- **Aim of the exercise**:
Using the data that follows, give again word for word the lines between the one holding "Perspective guides are" and the one holding "So I urge you", inclusive. Omit the pictures.

- **Record extracts**:
BEGIN

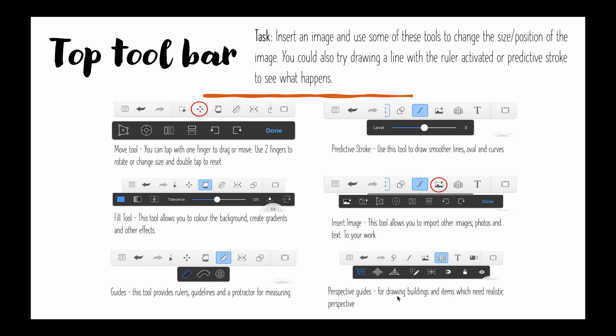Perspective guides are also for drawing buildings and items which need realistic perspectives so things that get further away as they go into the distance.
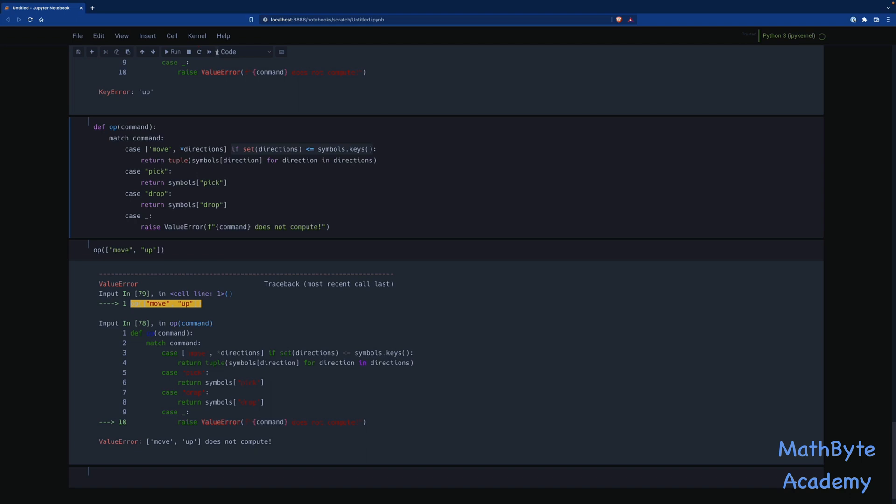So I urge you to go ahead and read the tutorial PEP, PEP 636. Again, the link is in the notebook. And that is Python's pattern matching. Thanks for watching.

END
BEGIN

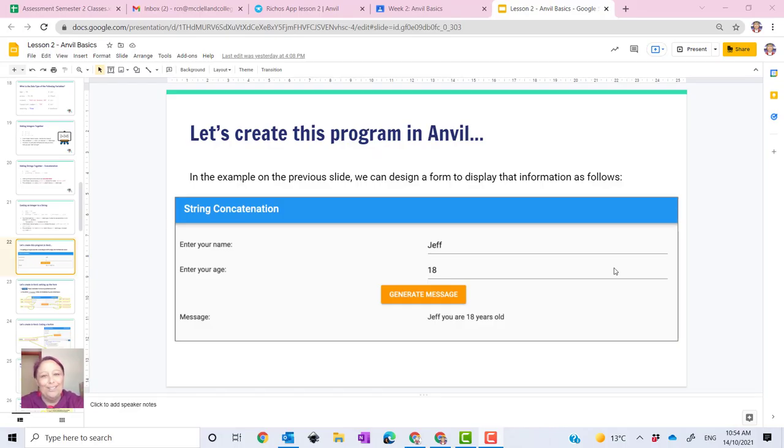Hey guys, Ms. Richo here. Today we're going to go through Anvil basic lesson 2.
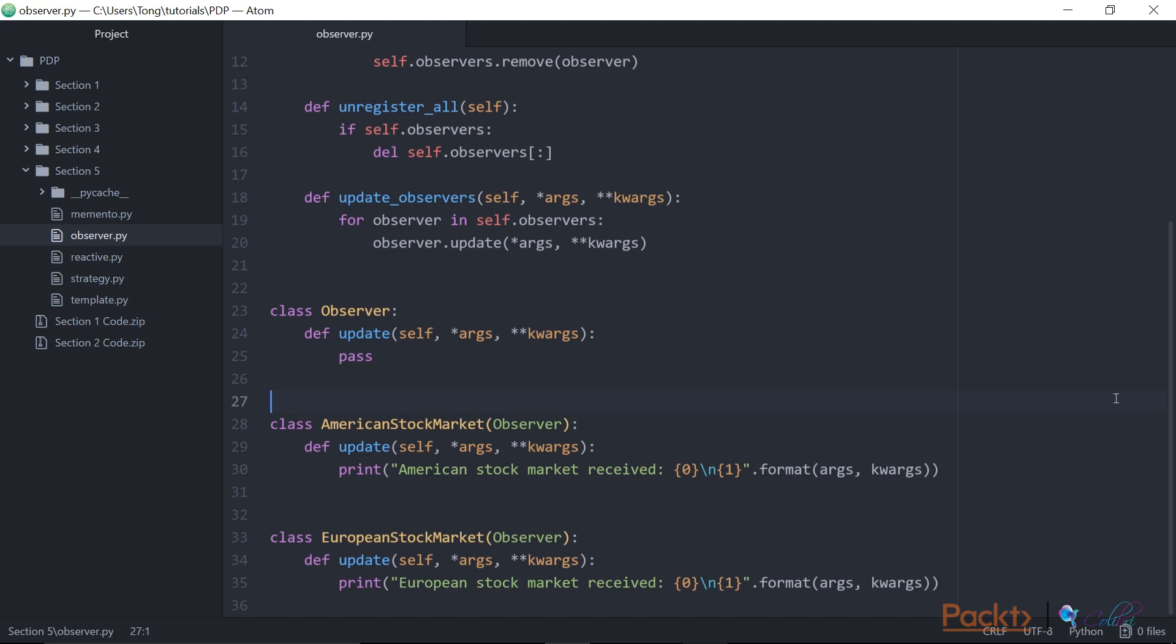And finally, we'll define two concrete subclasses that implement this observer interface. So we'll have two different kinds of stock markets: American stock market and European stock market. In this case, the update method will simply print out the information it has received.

END

- **Result**:
Perspective guides are also for drawing buildings and items which need realistic perspectives so things that get further away as they go into the distance.
So I urge you to go ahead and read the tutorial PEP, PEP 636. Again, the link is in the notebook. And that is Python's pattern matching. Thanks for watching.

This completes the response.